Apartment blocks damaged by a Russian strike on Vuhledar in Ukraine's Donetsk region.
Apartment blocks damaged by a Russian strike on Vuhledar in Ukraine's Donetsk region.

Summary

  • Ukraine and the US are working on a 20-point peace plan as Russia's invasion nears the four-year mark.
  • Major sticking points include control over part of the Donbas region in eastern Ukraine and the Russian-occupied Zaporizhzhya nuclear power plant.
  • Other obstacles stem from Russia’s territorial claims, the issue of security guarantees for Ukraine, and Moscow’s opposition to a cease-fire.

Since Kyiv and its European backers panned a 28-point US proposal for a deal to end Russia’s invasion of Ukraine, warning that it was skewed in Moscow’s favor, Ukraine and the United States have been trying to hash out a revised blueprint known as the 20-point plan.
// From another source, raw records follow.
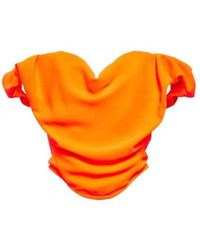 Vivienne Westwood - Off-The-Shoulder Crepe Bustier Top - Lyst
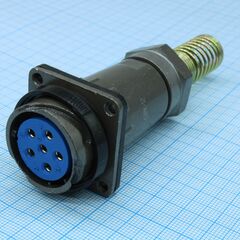 FQ24-6PIN ZPK-12, блочная розетка, 6 контактов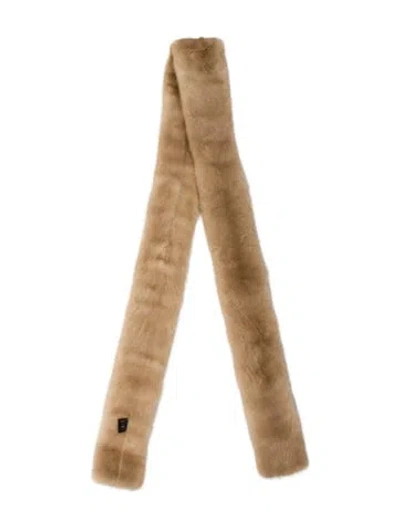 Pre-owned Fur Scarf In Brown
Following a meeting with Ukrainian President Volodymyr Zelenskyy in Florida on December 28 -- bookended by phone calls with Russian President Vladimir Putin -- US President Donald Trump said that after nearly four years of full-scale war and inconclusive Russia-Ukraine talks earlier in 2025, a deal could be “closer than ever.”

But Trump also said that “one or two very thorny issues” remained, and that a peace pact -- something he has sought avidly since he took office for a second time in January -- might not happen.

Trump was referring to one major sticking point -- territory, particularly in the eastern region known as the Donbas -- and possibly also to the future of the massive Zaporizhzhya power plant, which Russian forces seized shortly after the start of the full-scale invasion in February 2022.

There are other potential barriers to a deal, too, including issues related to security guarantees for Kyiv and a potential referendum in Ukraine on any pact to end Russia’s invasion. Increasingly tough talk from Moscow, meanwhile, has amplified questions about the fate of the 20-point plan and the peace efforts more broadly.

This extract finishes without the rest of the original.